A member has reported an incident in which a crane winch wire was lost during light subsea lifting work. The winch wire and the load dropped on to the seabed near to working divers.
A small crane, sometimes referred to offshore as a ‘cherry picker’, was being used to deploy a small tool basket to a diver working on a subsea manifold. It had been identified on the previous shift there was insufficient wire on the crane winch drum to reach the seabed; however there was sufficient winch wire to reach the roof of the manifold. The deck crew and dive supervisors had been briefed by the previous shift regarding the short length of wire.
During the operation to deploy the basket the deck crew was instructed to deploy the tool basket to the ‘short mark’ (rope marks fitted to the cherry picker wire). The diver spotted the tool basket and gave an ‘all stop’ signal. However, the tool basket continued to descend towards the seabed followed by the entire length of the winch wire which landed in close proximity to the divers. The divers were uninjured and returned unaided to the bell.
An investigation took place which, in addition to errors in lift planning, suitability of equipment and management of change, revealed the following:
- The divers were working directly under a suspended load;
- There were several ‘short marks’ identified on the winch wire;
- The pilot of the observing remotely operated vehicle (ROV) had not been instructed to watch the descending load;
- The ‘lineout meter’ giving details of how much winch wire had paid out was defective;
- A hydroacoustic position reference (HPR) beacon had not been fitted to the wire in order to confirm the depth.
The company involved implemented a number of control measures following this incident:
- A ‘dropped object cone’ protection procedure was implemented for divers where the diver(s) must be outside a minimum 30 degree dropped object cone for all subsea lifts; if this is not practical then they must at least retire under the bell.
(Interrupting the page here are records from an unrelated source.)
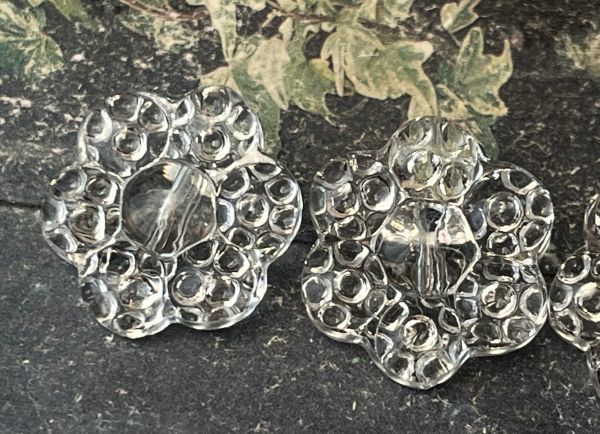  prompt decision clear glass button 4 piece φ18mm transparent flower hand made parts . material raw materials remake . France import Vintage 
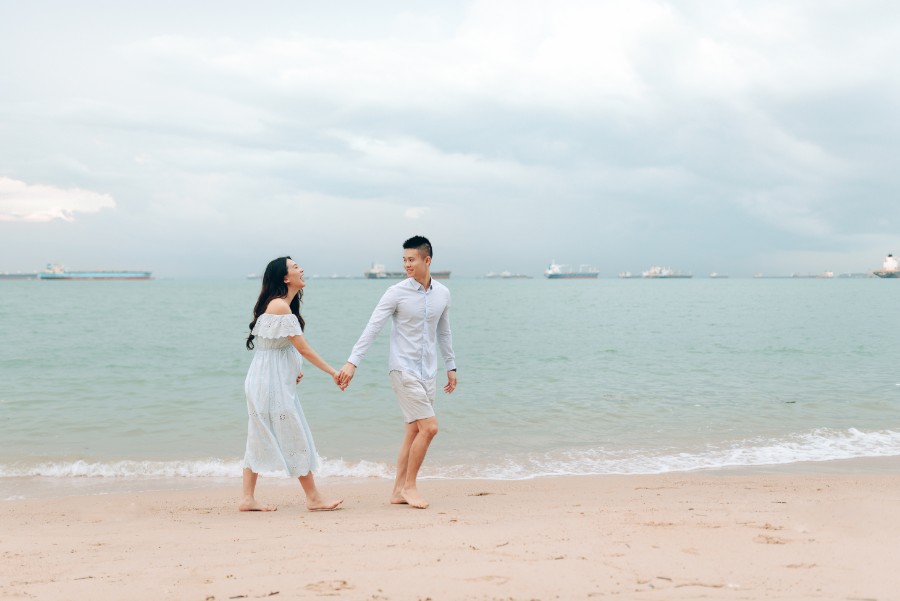 Singaporean influencer Faustina's maternity shoot at East Coast Park by Toh on OneThreeOneFour 0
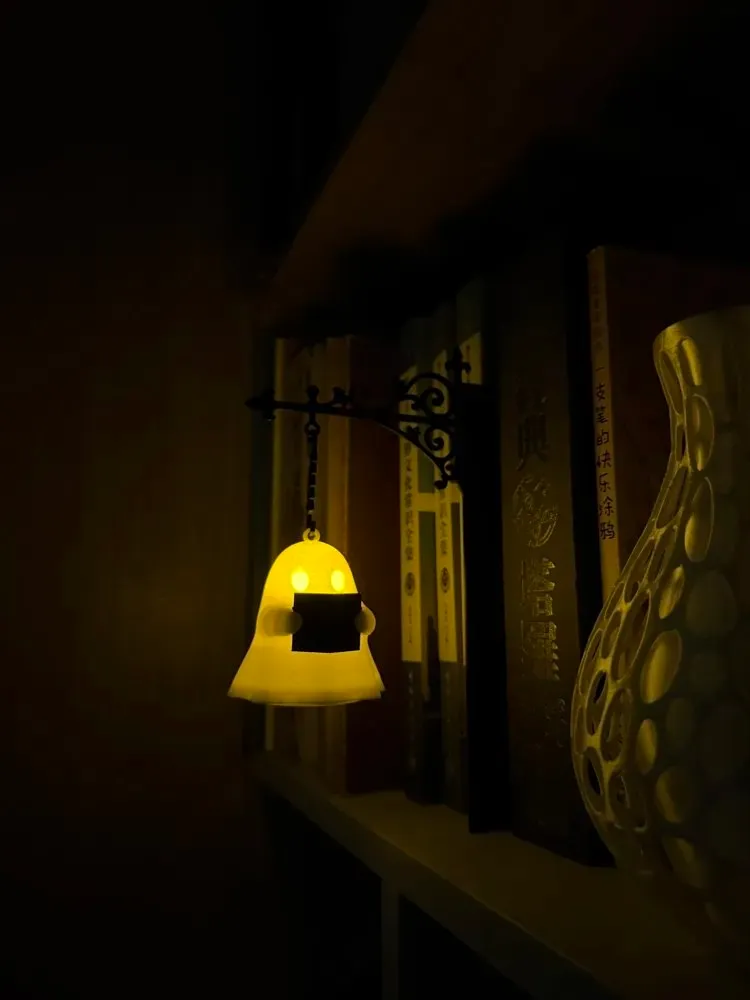 Bookshelf Ghost
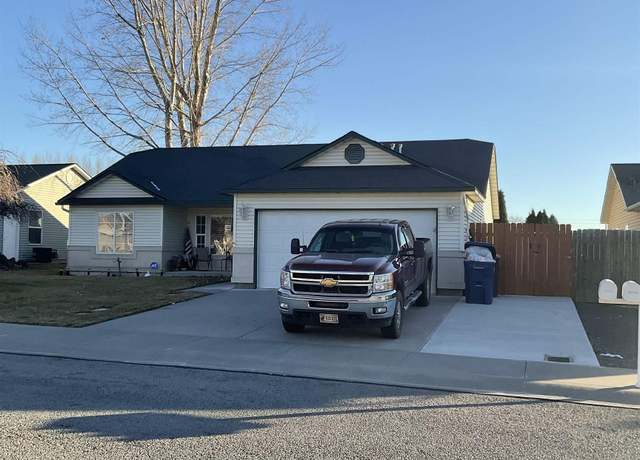 Property at 2544 Alderwood Ave, Twin Falls, ID 83301, 3 beds, 2 baths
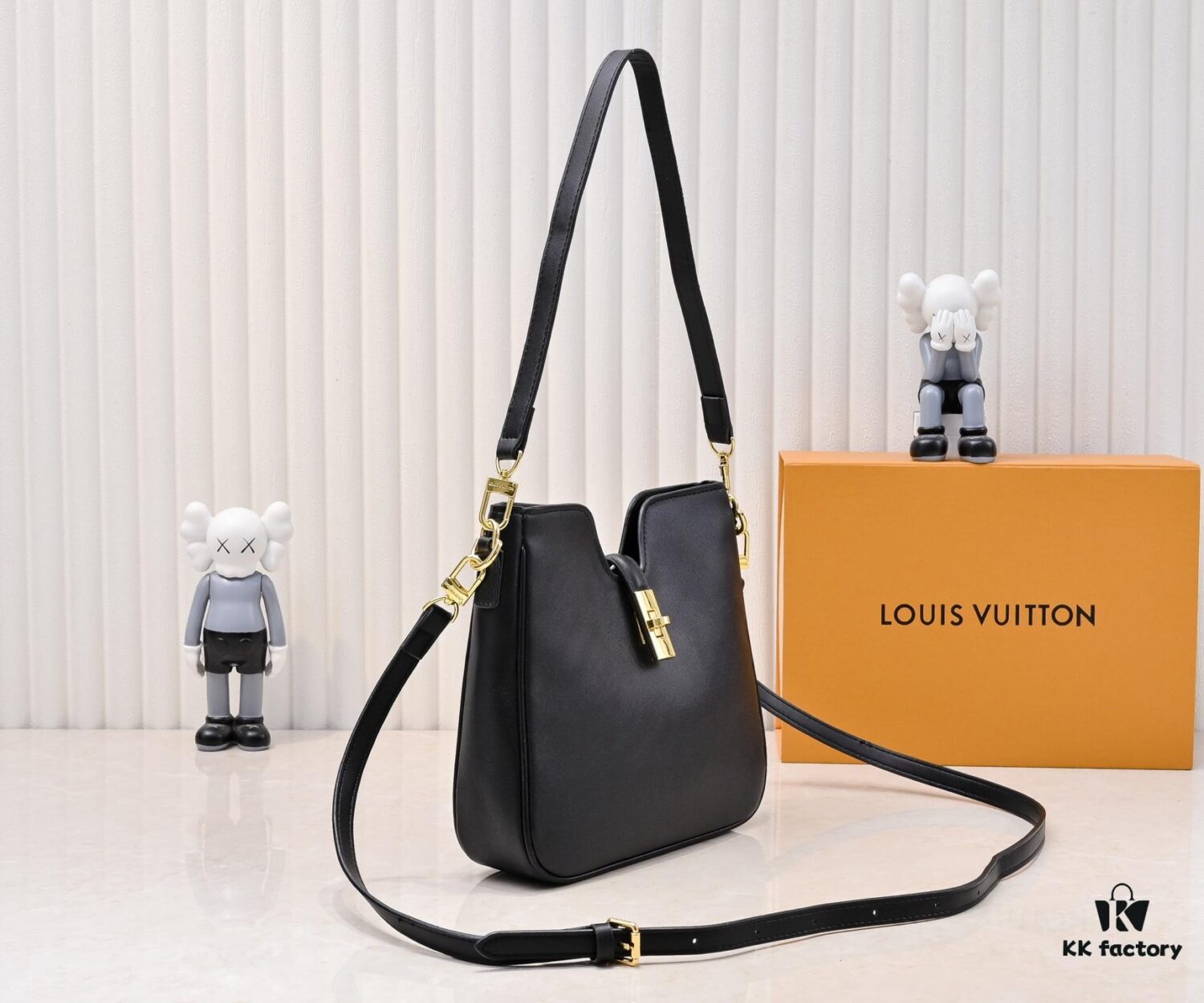 Louis Vuitton New Arrival Hobo Bag in Minimalist Elegance, Styles 120693 & 119563
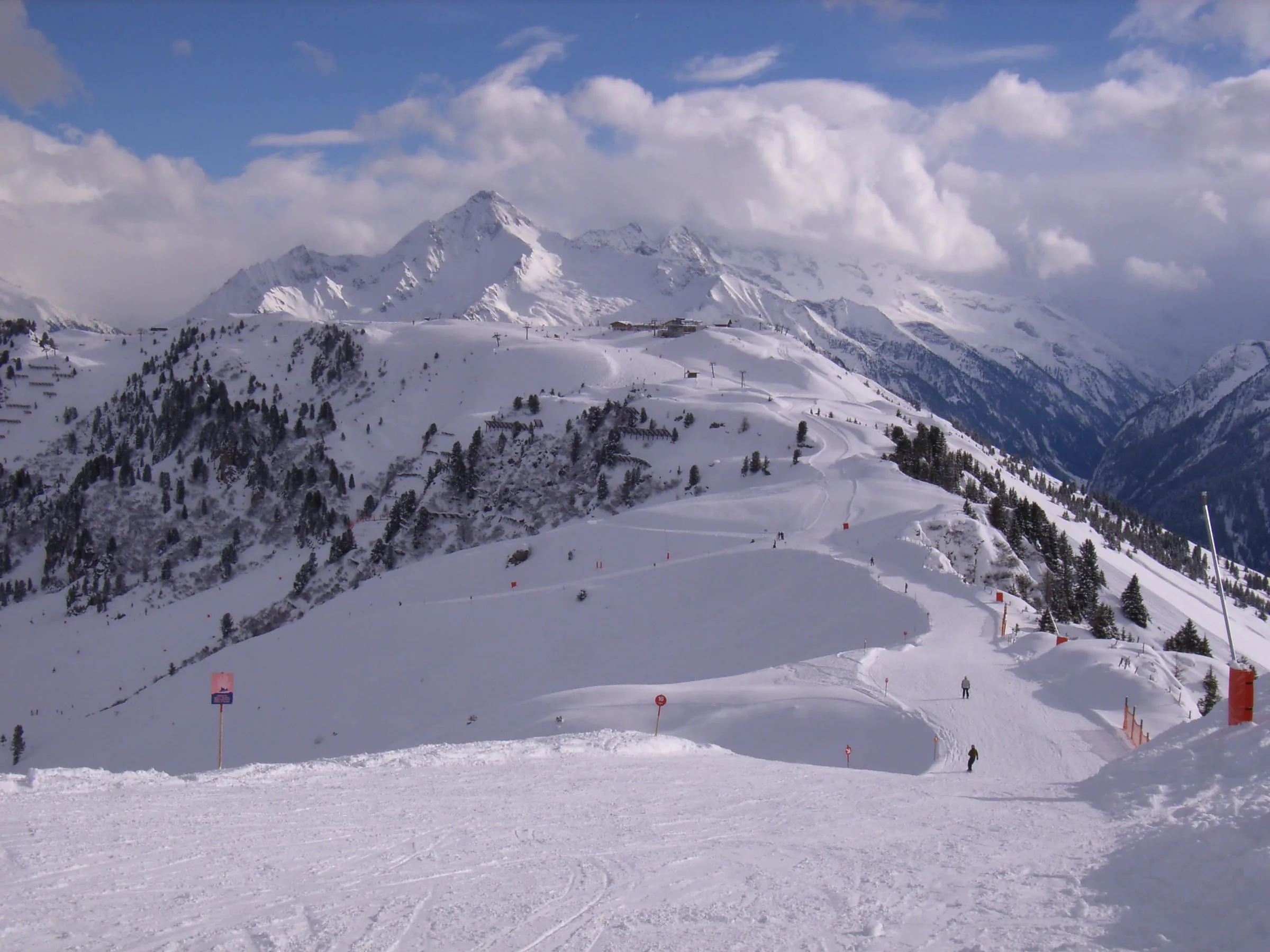 Snowy pistes on the Penken summit plateau above Mayrhofen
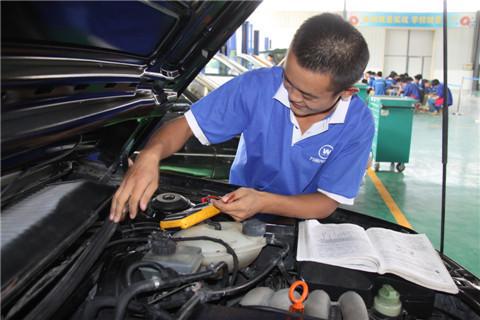 汽车维修小工工资多少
Certain loads being deployed and recovered will require the bell to be recovered.
- At least two independent depth reference devices should be in operation when deploying loads subsea. These can be:
- a line out meter
- an HPR transponder
- rope marks
- ROV observation should be regarded as secondary means of reference;
- The crane or ‘cherry picker’ operator should have suitable visual references to allow an accurate understanding of the position of the subsea load and the capabilities of the lifting equipment.